- Cover art by David R. Darrow
- Developer: FTL Games
- Publisher: FTL Games
- Designers: Doug Bell Joe Linhoff Mike Newton
- Artists: Andrew Jaros David L. Simon
- Writer: Nancy Holder
- Platforms: Atari ST, Amiga, FM Towns, PC-98, X68000
- Release: 1989 (Atari ST) 1990 (ports)
- Genre: Role-playing
- Mode: Single-player

= Chaos Strikes Back =

1989 video game

Chaos Strikes Back is an expansion and sequel to Dungeon Master, the earlier 3D role-playing video game. Chaos Strikes Back was released in 1989 and is also available on several platforms (including Atari ST, Amiga, X68000, PC-98, FM Towns). It uses the same engine as Dungeon Master, with new graphics and a new, far more challenging, dungeon.

==Development==
Wayne Holder of FTL said in 1994 that Chaos Strikes Back was developed after the success of the first game, and reused its look and style. He said "I wish we'd done the whole thing differently ... some people were expecting more. It certainly wasn't in the same class as Dungeon Master".

== Gameplay ==

Demons on the FULYA Pit level.

Although Chaos Strikes Back describes itself as an expansion pack, the original Dungeon Master is not required. Whereas the first game saw the player following a fairly linear path through the adventure, with the completion of each flat level marked by a staircase leading down onto a new slightly harder level below, Chaos Strikes Back features a choice of paths which twist back and forth over all levels. The puzzles are far more convoluted, often demanding quick mastery of the control system to deal with intense combat, along with brain vexing riddles and room layouts.

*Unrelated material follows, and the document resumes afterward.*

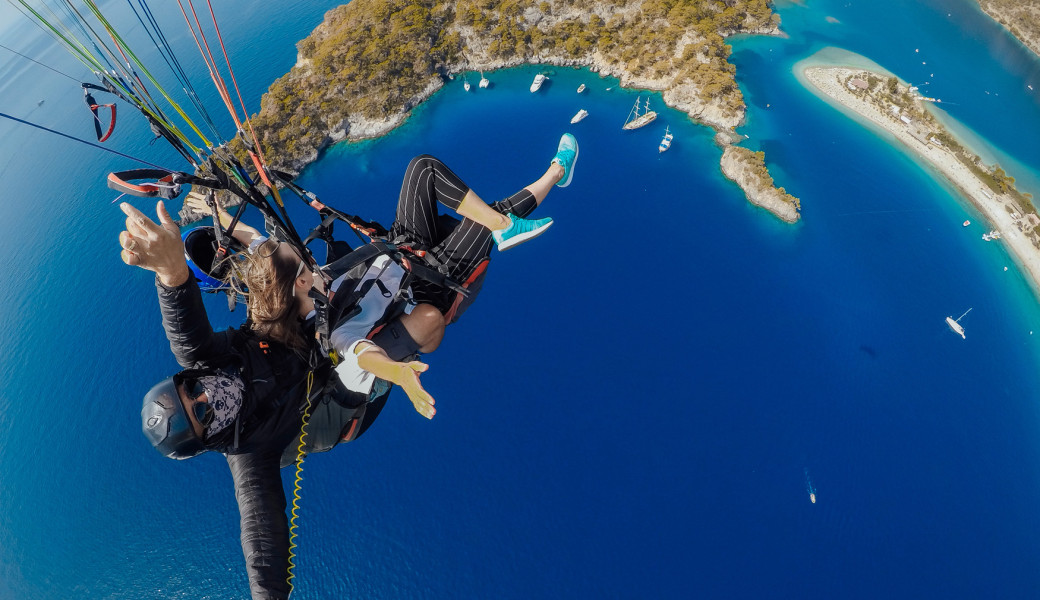 Likya Fethiye Ölüdeniz Akyaka Yüzme ve Tekne Turu — 5/15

The game is therefore pitched at a much higher difficulty level than its predecessor. The player can choose from a selection of moderately high-level characters or can import characters from a Dungeon Master saved game. In an indication of the game's uncompromising toughness, the player's very first task is to get out of a dark, enclosed room filled with ferociously toothed man-eating giant worms. The game is made a little easier by the inclusion of a separate program which dispenses cryptic hints based on the player's current saved game. Another new, useful feature is an ingame real time map of the dungeon, which makes use of the GOR magic glyph (It had no use in the first game though it's said it was used to create FUL bomb attack potions, which wasn't kept as a spell for the released game) The original had countless guides but the much harder sequel did not, perhaps due to the game itself having an inbuilt map as well as the 'oracle' hint feature, even so though a shorter game it is a lot harder.

The player's task is to collect four pieces of corbum, a magical material from which the eponymous Lord Chaos draws his power. This requires the traversing of four separate paths each leading to a piece of corbamite and each themed around one of the disciplines open to characters in the game. These disciplines are fighter, wizard, priest and ninja.

=== Champion Editor ===

Custom characters represented in the Champion Editor (Amiga version)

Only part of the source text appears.